AIM OF THE EXERCISE → With pictures excluded, copy word for word the lines in the data below from the line containing "ColorParade x 20" through the line containing "Bracelet en argent".

Excerpts from a dataset
::::
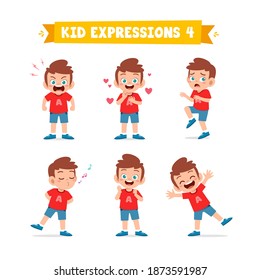 cute little kid boy in various expressions and gesture set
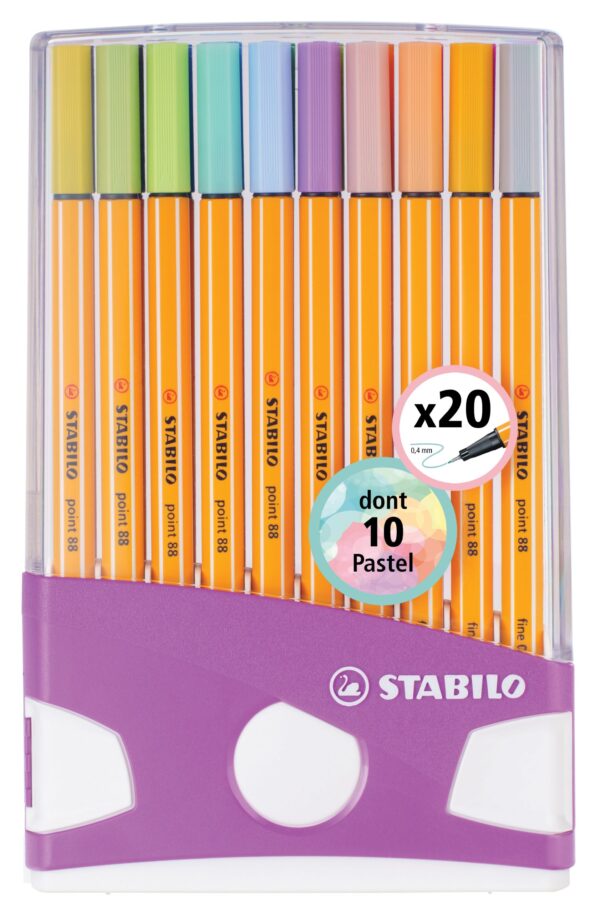 ColorParade x 20 STABILO point 88 boîtier mauve - dont 10 pastel - Carton de 10 pièces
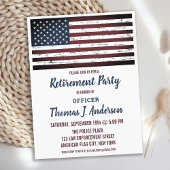 Grunge Amerikaanse Vlag Militair Politiepensioen Uitnodiging Briefkaart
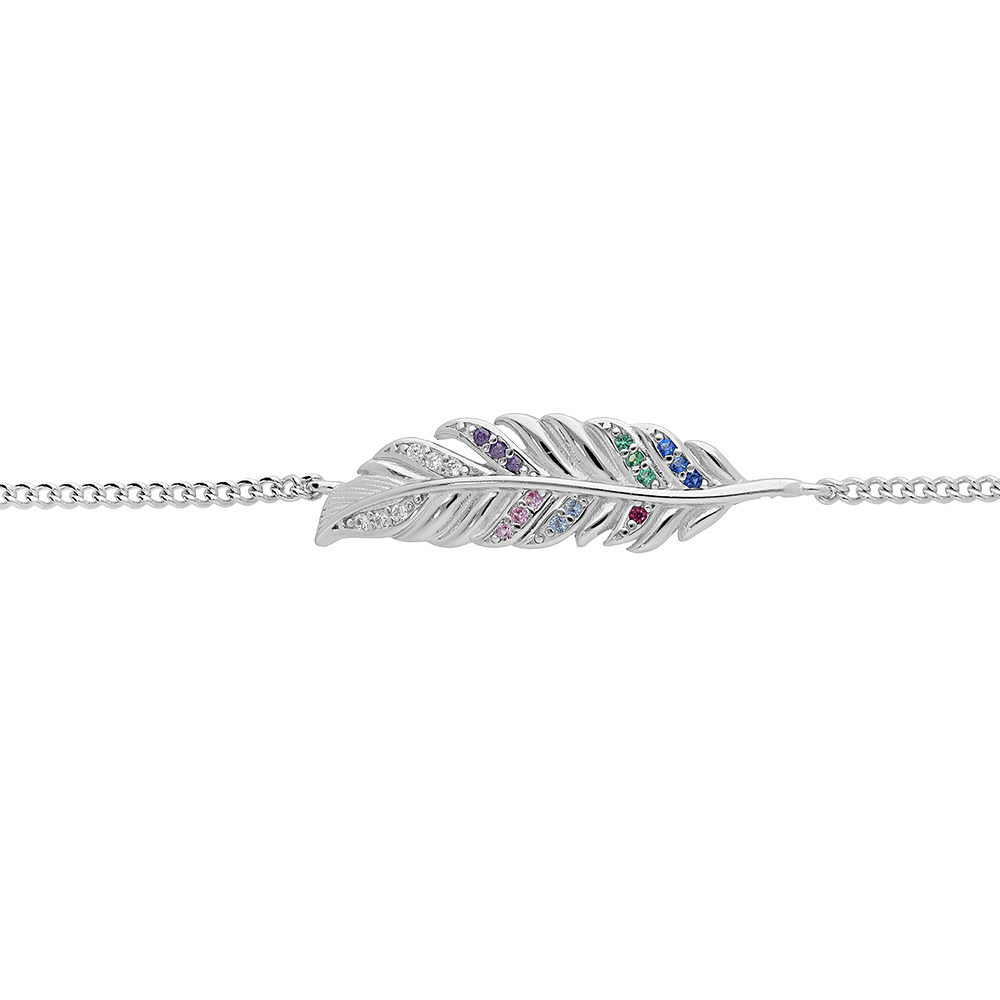 Bracelet en argent rhodi� cha�ne avec plume et oxydes multi couleurs 15.5+3cm - Vue 1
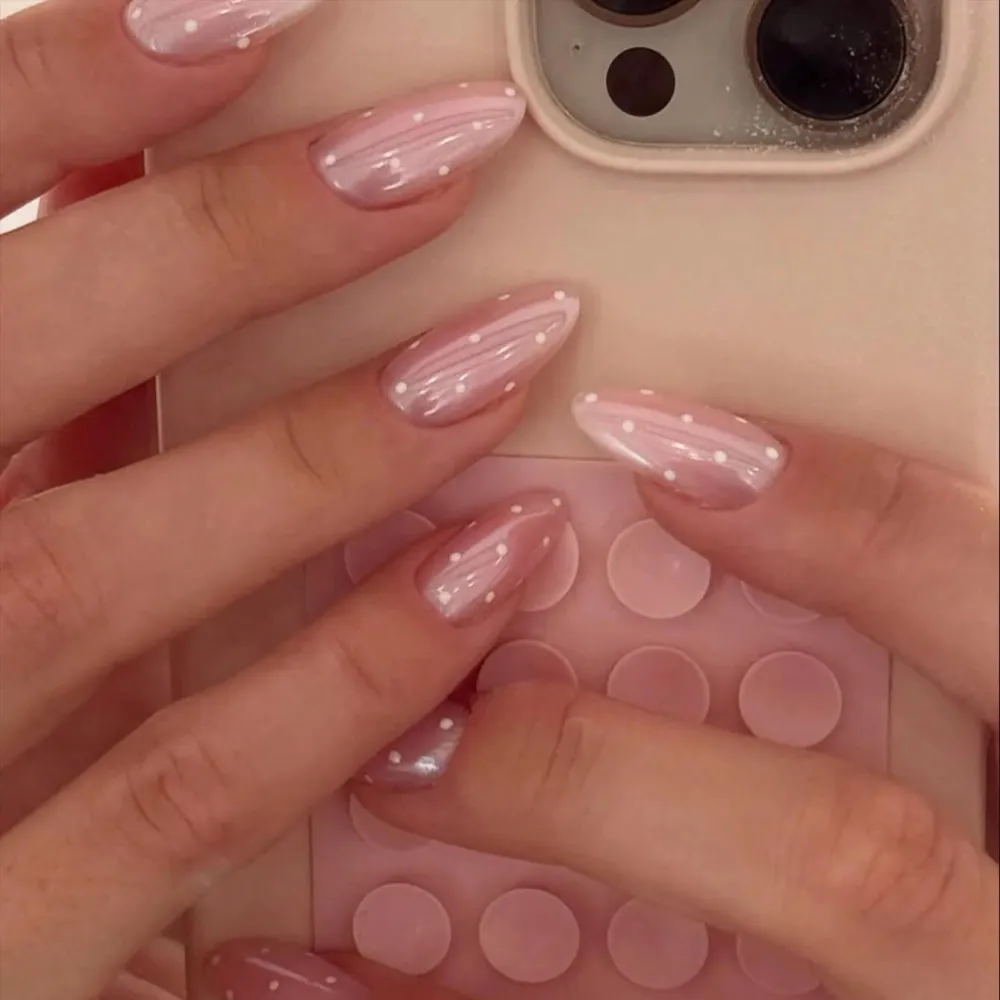 Nailhour 24Pcs Medium Almond Dot Glitter Press On Nails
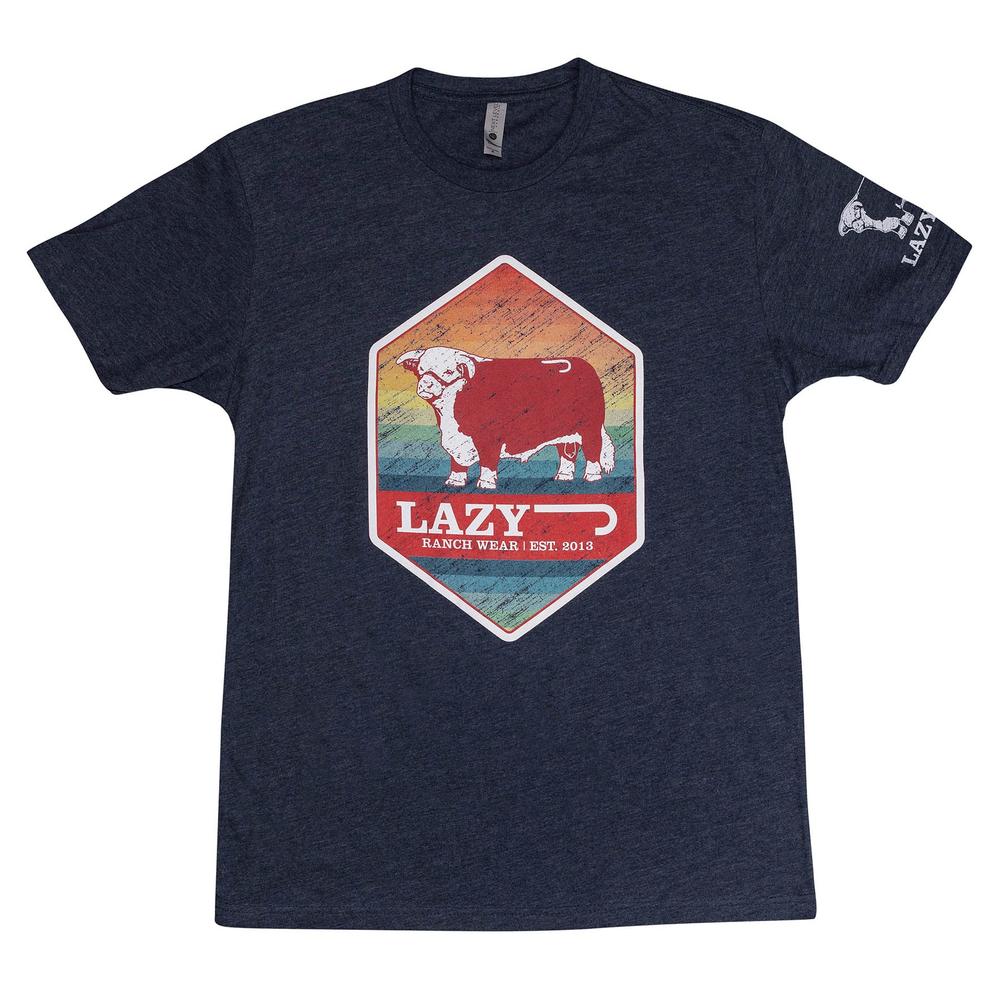 Lazy J Ranch Rain Hereford T-Shirt - Navy-Lazy J Ranch Wear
::::
YOUR SOLUTION →
 ColorParade x 20 STABILO point 88 boîtier mauve - dont 10 pastel - Carton de 10 pièces
 Grunge Amerikaanse Vlag Militair Politiepensioen Uitnodiging Briefkaart
 Bracelet en argent rhodi� cha�ne avec plume et oxydes multi couleurs 15.5+3cm - Vue 1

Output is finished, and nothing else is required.